The Fed struck again yesterday afternoon with another .75 percentage point haircut for the Fed funds rate. Since August, this rate has fallen from 5.25 to 2.25 while inflation has risen from 2.5% to well over 4%.
Mungowitz will probably kick me off this blog for beating this particular horse so often, but I think this is bad policy. The only thing I think these rate cuts have done is reduce the greatly feared ARM re-sets that were on the near horizon. However, we now pretty much know that the real problem for homeowners is not payment re-sets, but that home prices have fallen (or stopped rising) enough to make their positions negative. We have too much housing still at too high a price and the price re-set is slow. One thing that would help would be to stimulate the demand for housing with lower long term interest rates, but the current Fed policy of allowing inflation to rise has 30 year mortgage rates "stuck" well above 6%.

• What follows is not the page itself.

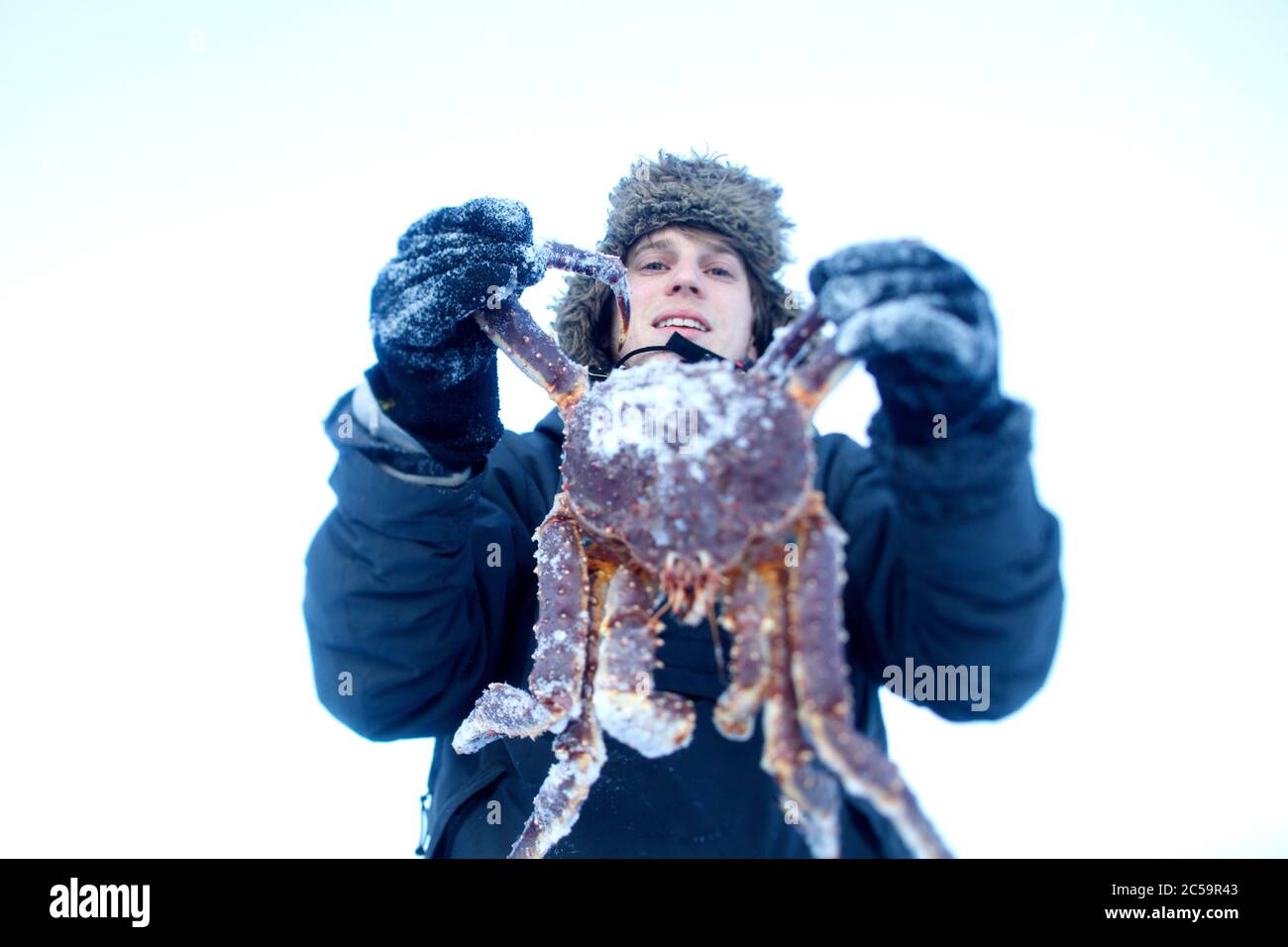 Norwegen, Lappland, Finnmark County, Kirkenes, ronny der Krabbenfischer  holt die Krebstiere aus einem Fischteich heraus Stockfotografie - Alamy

In sum, while I applaud the lender of last resort actions the Fed has been taking, I see little good and a lot of ill coming from these unrelenting Fed fund rate cuts. They won't stave off a possible recession, nor will they solve or notably improve the housing crisis. They will push up inflation and keep long term rates higher.
3 comments:
That's pretty much what I've been wondering about this, myself. So is this a case of my macro education not being the same product as what Dr. Bernanke taught at Princeton, or is it just the political pressure?
Why wait for housing prices to adjust? Just lower the value of the dollar so that a 500 sq ft condo in NYC is really worth $500K.
I just read Bernanke's textbook, and his actions don't seem consistent with it.
There are two governmental controls to spur the economy - (1) rates and (2) deficit spending. Greenspan and Bernanke have been telling congress for years to save for a rainy day. That rainy day is here, and we're broke. Bernanke's pushing the gas pedal all the way to the floor, but there's no fuel in the tank.
IMO, we just have to cross our fingers and hope some scientist will invent something really valuable like the pc or the internet or engines that run on air or water.
One thing that would help would be to stimulate the demand for housing with lower long term interest rates, but the current Fed policy of allowing inflation to rise has 30 year mortgage rates "stuck" well above 6%.
The 10 year note is about 3.4%. So don't you think the "stuck" mortgage rates have more to due with a risk premium than inflation expectations?